Después de almorzar, subí a un pequeño promontorio;
luego, al ver que el mar bajaba rápidamente, me fuí por la arena hacia una
especie de roca negra que veía sobre el agua, allá lejos, lejos. Iba de prisa
por aquella llanura amarilla, elástica como carne, que parecía sudar bajo mi
pie. El mar estaba allí hacía poco rato, pero ahora lo veía lejos, cada vez
más lejos, hasta perderse de vista, huyendo y no podía distinguir la línea que
separaba la arena de las aguas. Me parecía presenciar una fantasía gigantesca
y sobrenatural. El Atlántico había estado junto a mí, un poco antes, y ahora
desapa-recía en la arena como una decoración por el escotillón de un teatro; y
ahora iba caminando por un desierto. Sólo permanecían en mí la sensación, el
hálito del agua salada. Sentía el olor a ovas, a espuma, el fuerte y grato olor
de las costas. Andaba a prisa; no tenía frío; miraba el barco encallado, que
crecía a medida que yo avanzaba, y que ahora parecía una enorme ballena,
varada.
Parecía salir del suelo y adquiría, sobre aquella
inmensa extensión plana y amarilla, unas proporciones sorprendentes. Llegué
junto a el después de una hora de marcha. Yacía sobre un costado, roto,
mostrando como las costillas de un animal, sus huesos quebrados, sus huesos de
madera embreada, atravesados por enormes clavos. La arena le había invadido
ya, penetrando por todas sus hendiduras, y lo dominaba, lo poseía, no le
dejaría nunca más. Parecía haber arraigado en él. La proa había entrado profundamente
en aquella playa suave y pérfida, en tanto que la popa, levantada, parecía
echar al cielo, como un grito desesperado, las dos palabras blancas sobre la
borda negra: Marie-Joseph.
Escalé aquel cadáver de navío por el lado, más bajo;
llegado al puente, pasé al interior. La luz, que entraba por las lucernas
descuajadas y por las heridas de los flancos, iluminaba tristemente aquellas
bodegas largas y sombrías, llenas de leños derrumbados. Por doquiera se veía
la arena que servía de suelo a aquel subterráneo de tablas.

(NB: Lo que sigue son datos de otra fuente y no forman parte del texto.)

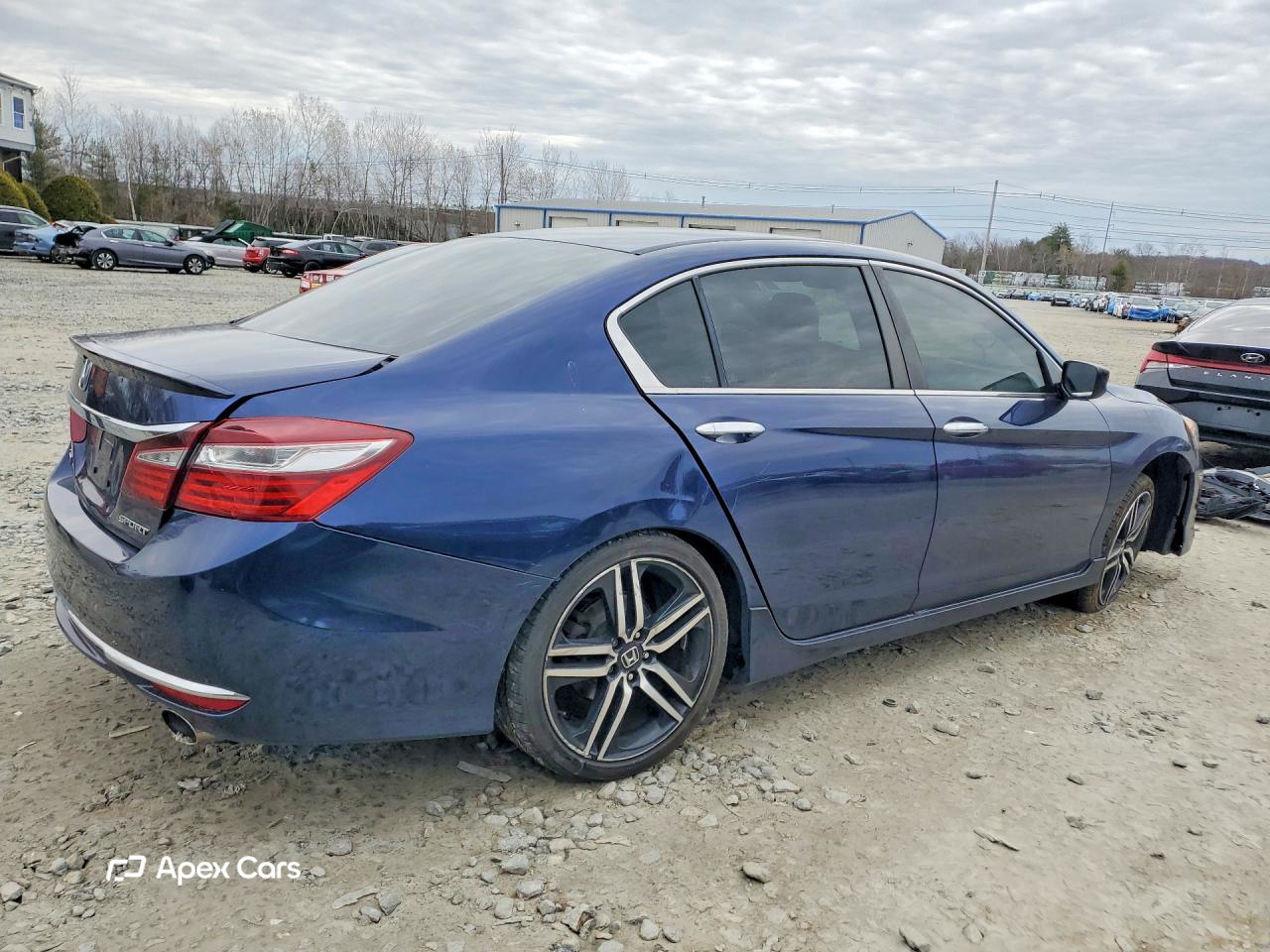 Honda Accord 2016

Me puse a tomar notas sobre el estado del barco.
Me había sentado sobre un barril vacío y destrozado, y escribía a la lumbre de
una ancha hendidura, por la que podía ver la extensión ilimitada del arenal.
Un extraño tiritón de frío y de soledad me corría por la piel de tiempo en
tiempo; y a veces dejaba de escribir para escuchar el ruido vago y misterioso
del naufragio: ruido de cangrejos que rascaban las maderas con sus tenazas
ganchudas, ruido de miles de animalillos marinos, establecidos ya sobre aquel
muerto, y también el ruido dulce y regular de la carcoma que roe sin descanso,
con su chirriar de barrena, todas las viejas armazones, devorándolas.
Y de súbito oí voces humanas muy cerca de mí.
Salté, como ante una aparición. Creí, de verdad, durante un momento, que dos
ahogados iban a levantarse para contarme su muerte. Y por cierto que no perdí
tiempo para subir a cubierta, a fuerza de manos y pies. Y vi, por el lado de
proa, un alto señor con tres muchachas, o mejor dicho, un inglés con tres misses. Seguramente que ellos sintieron
más miedo que yo al verme surgir del antro abandonado, tan rápidamente, La más
joven de las muchachas salió corriendo. Las otras dos se agarraron a su padre.
En cuanto a él, se quedó boquiabierto: fué la única
señal que dejó ver su emoción.
Al cabo de pocos segundos, habló:
-¿Es usted, señor, el propietario de esta embarcación?
-Sí, señor.
-¿Y puedo visitarla?
-Sí, señor.
Pronunció entonces una larga frase inglesa en la
que yo distinguí sólo esta palabra, repetida varias veces: gracious.
Y como él buscara un lugar para subir, le indiqué
el mejor, tendiéndole la mano; luego ayudamos a las tres muchachillas, ya
tranquilizadas. Eran encantadoras, sobre todo la mayor, una rubita de diechocho
años, fresca como una flor, y tan fina, tan delicada... Hablaba francés un
poco mejor que su padre y nos sirvió de intérprete. Tuve que contar el
naufragio hasta en sus menores detalles, que inventé como si hubiera asistido
a la catástrofe.
Luego toda la familia bajó al interior del casco. Apenas
penetraron en aquella oscura galería, lanzaron gritos de extrañeza y
admiración; y de pronto el padre y las tres hijas mostraron en sus manos
álbumes que sin duda habían estado hasta entonces ocultos en sus imperm-meables,
y comenzaron a la vez cuatro croquis de aquel lugar triste y extraño.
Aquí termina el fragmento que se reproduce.